Back in January 2010 our economic policy was beginning its drive down a bold new path. The Obama administration had enacted a $900 billion stimulus package the previous year, and was embarking on a transformation of the economy: Obamacare, wind and solar power, Keynesian stimulus ad infinitum, etc. In the meantime, the Fed was continuing its loose-money policies and maintaing interest rates close to zero.
The administration and the Fed were confident that their actions would set the economy on a path of prosperity, as evidenced by the rosy forecasts they made at the time. Because neither has really strayed much from the path it set out on, it's fair to take a look at how their notion of the economy compares with the actual one. Specifically, we can look back on the forecasts they made at the time to see how well their visions of the economy stack up against reality.
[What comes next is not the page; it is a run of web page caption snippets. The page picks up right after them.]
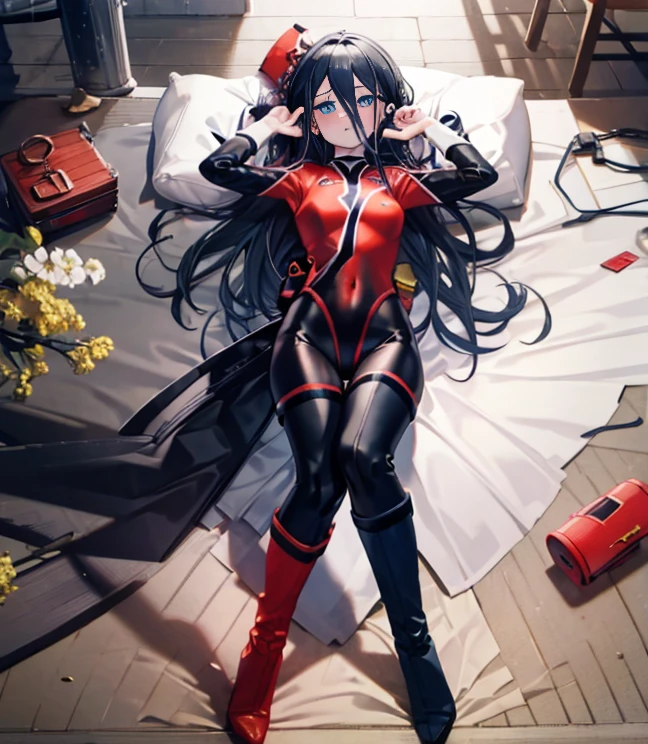 highest quality,sleep on your back in bed，Crab crotch，show me your boots，thigh high boots，leotardチラ見せ，glove，elegant, 1 girl, leotard，body suit，cute, blushed, looking at the viewer, from below, prison，blue eyes, beautiful eyes, beautiful background, particles of light, Light of the sun, dramatic lighting, outside, shiny, realistic, table top, highest quality, Super detailed, get used to it, scenery, beautiful and detailed eyes, thin hair，full body shot，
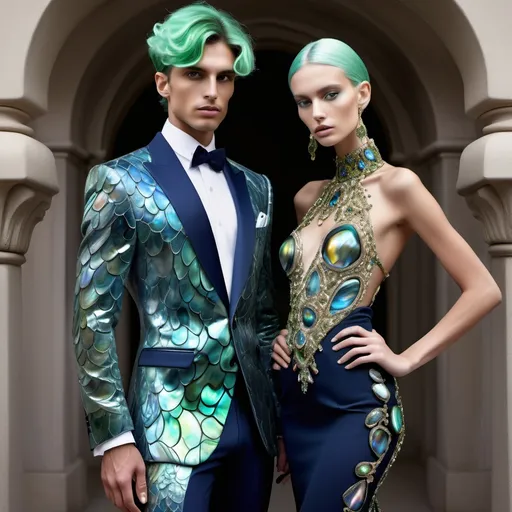 Prompt: a handsome male Catalan  swedish divine sacred male model with green hair and blue abalone Armani suit and a Monaco Bulgarian swedish French gorgeous female model with navy hair and lavish cartier with whimsical gorgeous extravagant  exotic aestheticism,  featuring gold abalone and Mother of pearl and chartreuse vibrant beaded zuhair Murad rami al ali fitted ornate Swarovski abalone gown as a Sandro Botticelli portrait painting with large Balinese Polynesian Cartier gold  headdress with green abalone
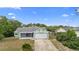 Ariel view of a single story home with screened-in porch and mature trees at 1018 E Gaucho Cir, Deltona, FL 32725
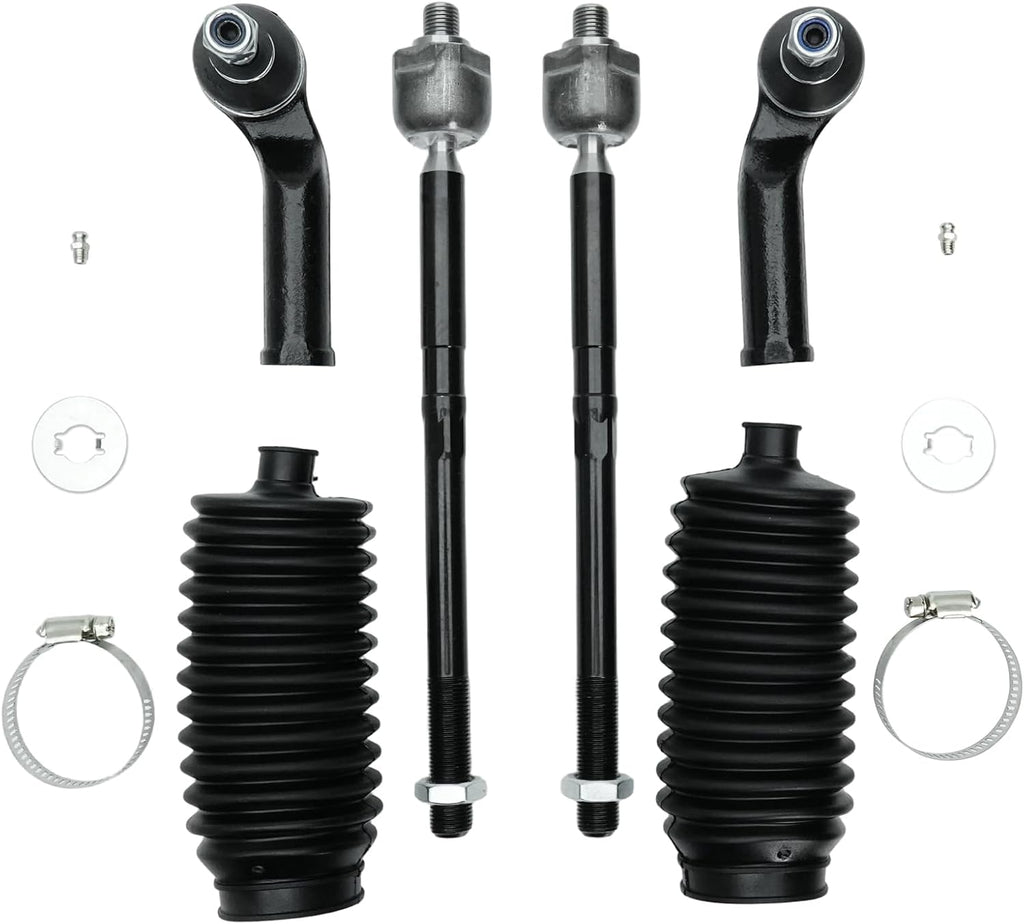 6PCS Front Tie Rod End Kit Inner & Outer fits for Ford Focus 2012-2018, Escape 2013-2019, C-Max 2013-2018, Transit Connect 2014-2018, 4 Tie Rods 2 Boots OE ES800954 ES800955 EV800898 K100184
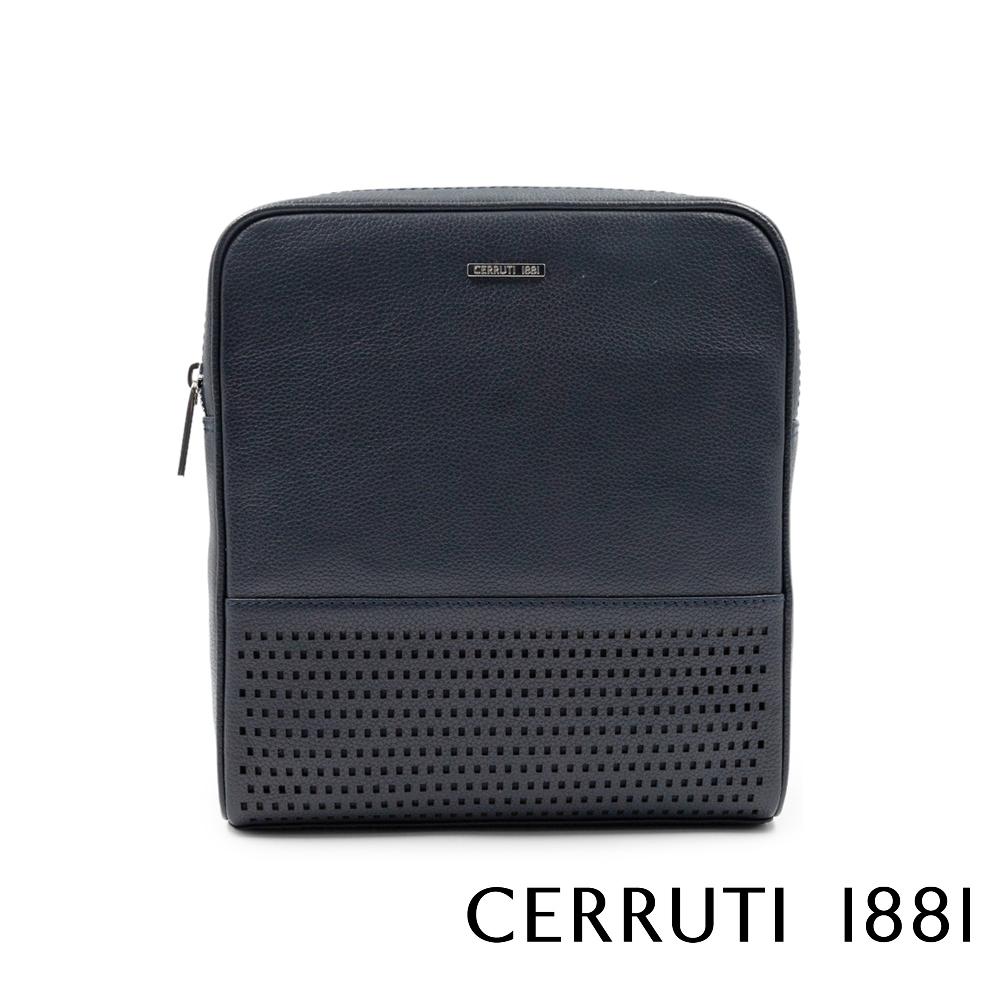 【Cerruti 1881】義大利頂級小牛皮側背包肩背包 (黑色 CEBO06693M)
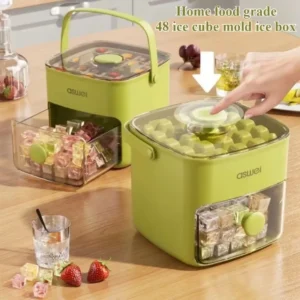 Ice Cube Mold Ice Box Silicone Tray Portable Household Press Large Capacity 48 Grid Ice Storage Food Grade Mold Refrigerator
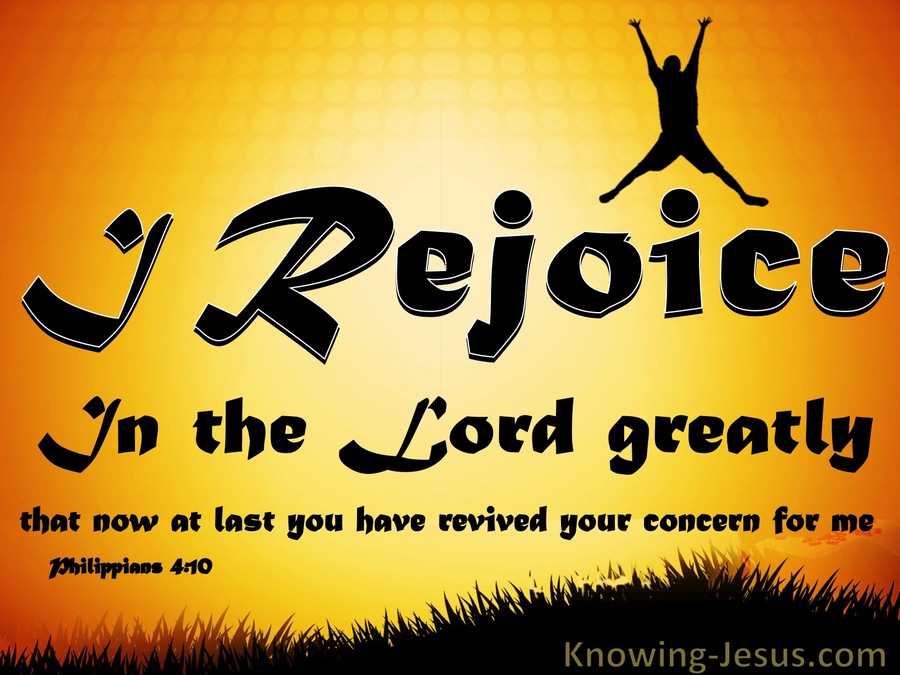 Philippians 4:10 Rejoice In The Lord (yellow)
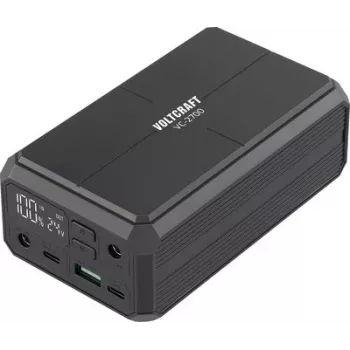 VOLTCRAFT VC-2700 powerbank 27000 mAh USB PD 3.0, USB PD 2.0, PPS, carregamento rápido Li-Ion preto, carregamento e descarregamento simultâneos, indicador de estado (VC-18192885)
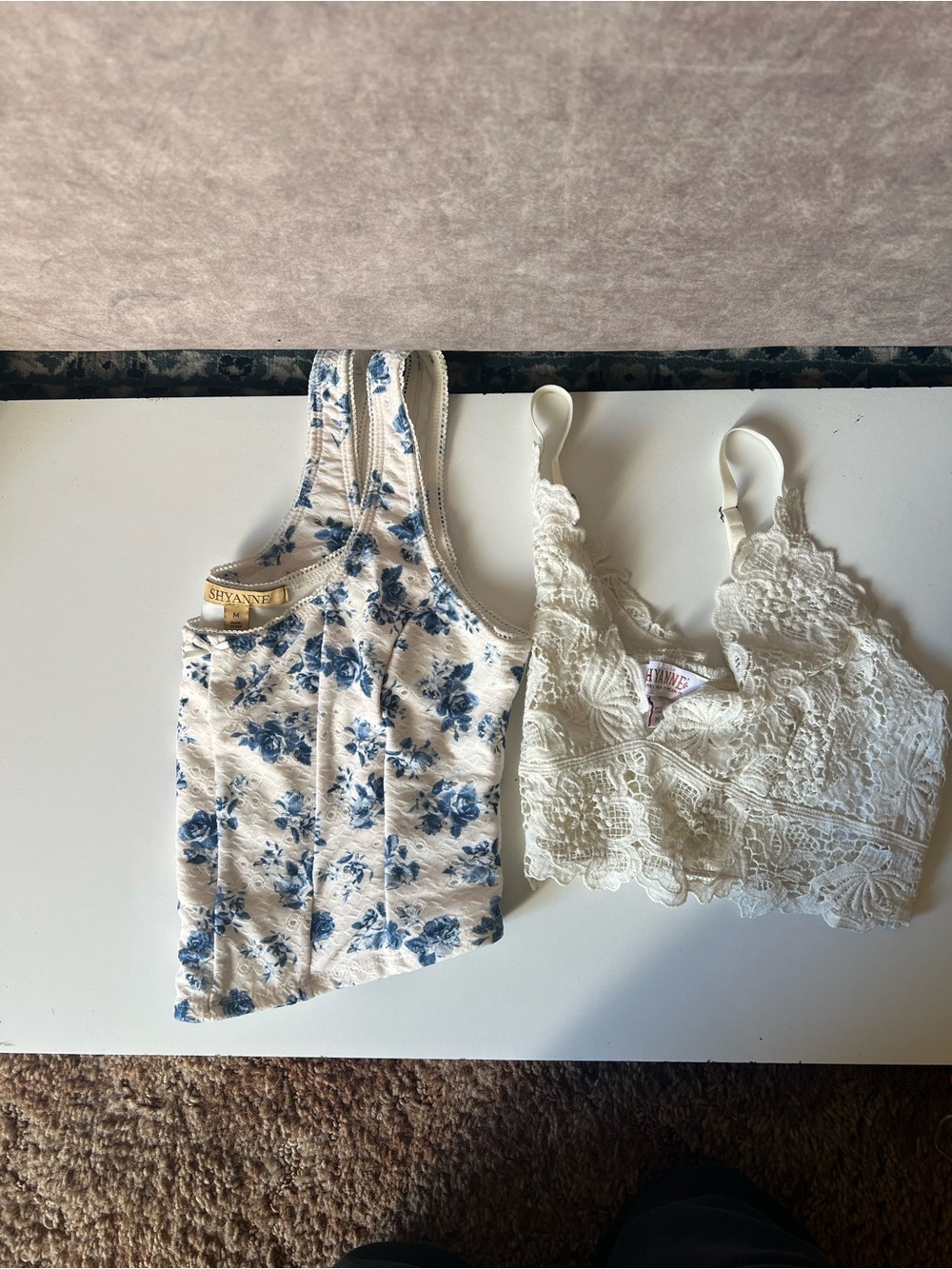 Shyanne Floral Cream & Blue Tank and Lace Bralette Set,,Bundle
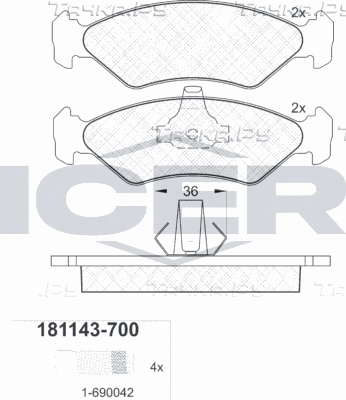 Тормозные колодки Icer передние для Ford Fiesta IV 1995-2003. Артикул 181143-700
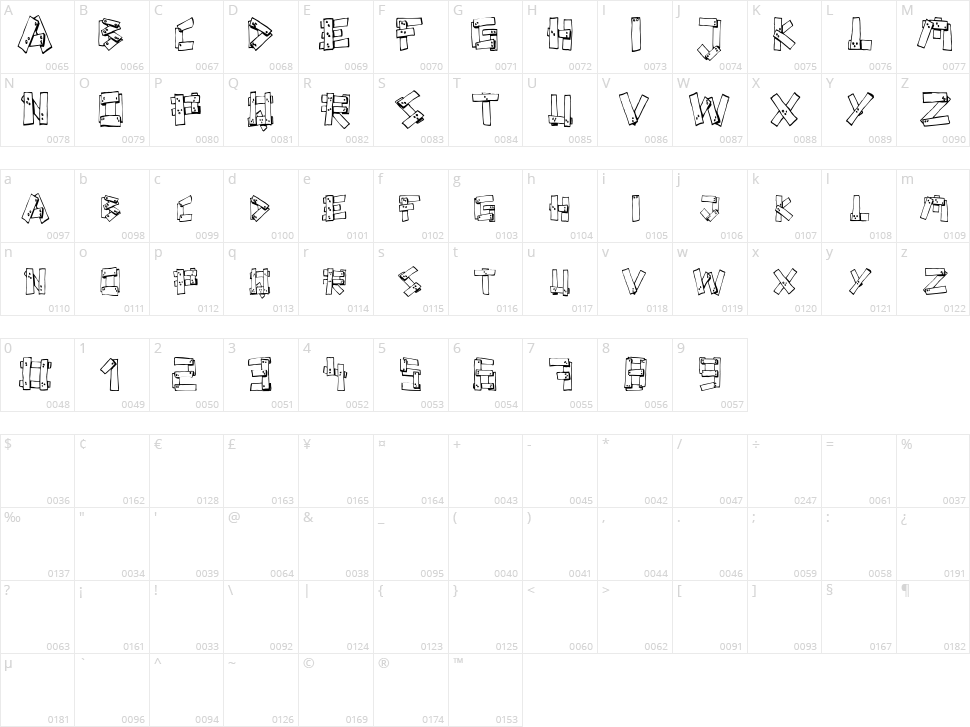 FE Planks Character Map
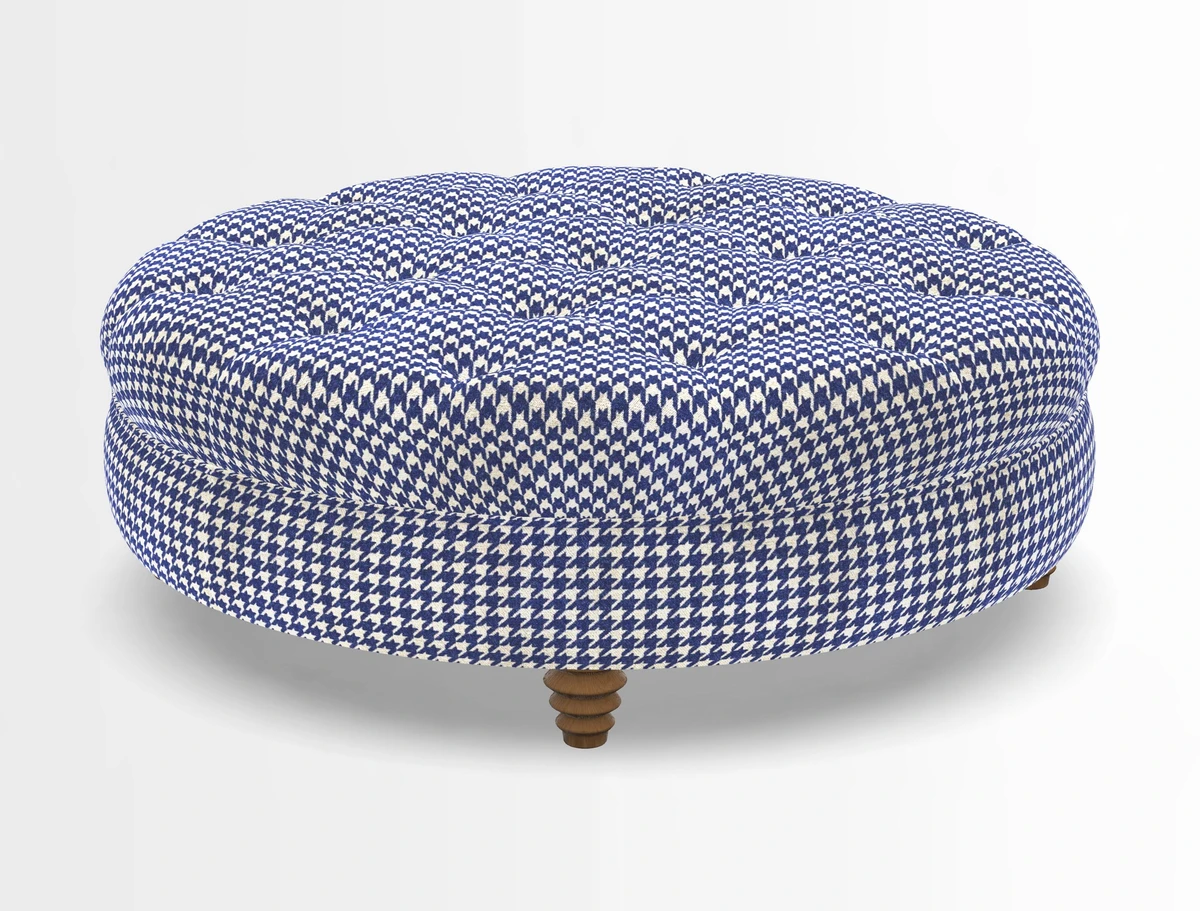 Helmsley Round Footstool in Linwood Omega Velvet Navy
Here are two charts outlining the Obama administration's notion of how the economy works. The forecasts are taken from the 2010 Economic Report of the President (Table 2-3):
Hmm. According to the Obama administration, the economy was supposed to be booming by now as a result of all the great things that had been done. But it turns out that real GDP growth in 2012 was only 1.7 percent rather than the 4.3 percent that was forecast. And despite Joe Biden's declaration that the President would focus on one three-letter word, J-O-B-S, payroll employment is nowhere near where it is supposed to be. In fact, there are about 4.8 million fewer jobs than were promised by these glorious policies.
Perhaps the Fed was better at this than the administation. After all, they're free from politics and have hundreds of PhD economists running around the place. Well, it turns out that they know about as much about the economy as the President does. Here are the forecasts from the FOMC in January 2010. They are the central tendencies of members of the FOMC, and according to them, the economy should have seen its boom in 2011.
Forecasting is a notoriously tricky business, so one shouldn't bee too harsh when forecasts are off by a bit. On the other hand, when you are grabbing the levers of the economy with both hands shouting that you're capable of driving this thing, you had better be somewhere in the neighborhood of where you said you were taking us.